Стихотворение Людмилы Горовой на мемориале памяти погибшим в войне с россией. Мемориал находится на родине Руслана Горового, в Конотопе

— Вас, как писателя, человека мыслящего, не раздражает много лозунгов на каждом шагу – даже на мороженом, на каких-то упаковках? Иногда кажется, что их время прошло, сейчас нужно что-то другое.

Сначала ты испытываешь шок. Потом ищешь то, что может вас с другими объединить. Эти призывы к Победе хороших людей объединяют. А плохие люди могут сыграть на нашем патриотизме, что-то заработать, где-то сманипулировать. Единого ответа быть не может. У нас уже был период, когда вся страна была во флагах, потом они исчезли, стало не модно.
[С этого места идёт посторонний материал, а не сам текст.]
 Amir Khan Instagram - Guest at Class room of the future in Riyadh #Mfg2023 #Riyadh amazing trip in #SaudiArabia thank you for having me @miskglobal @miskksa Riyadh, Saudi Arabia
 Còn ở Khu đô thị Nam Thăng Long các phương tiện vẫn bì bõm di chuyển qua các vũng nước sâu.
В 2014 году возникло много волонтерских организаций, которые потом сошли с дистанции, потому что тоже не модно. А какие-то остались и годами помогали. Мы должны через это пройти. Эти все лозунги хоть чуть-чуть раскачивают тех, кто не понимает, что происходит.

Вы приезжаете туда, где все разбомблено. Возвращаетесь в Киев, где все цветет, и люди гуляют, танцуют, поют. Не чувствуете диссонанса, что это неправильно?

Когда-то мой кум Володя Регеша (позывной "Санта") говорил: "А зачем тогда в принципе воевать на Донбассе, если в Киеве не будет кипеть жизнь?" У нас одна жизнь, мы ее не отложим на потом, каждый день уникален. У меня мерило одно: если человек может смотреть на себя в зеркало, не отводя глаз, он все делает правильно.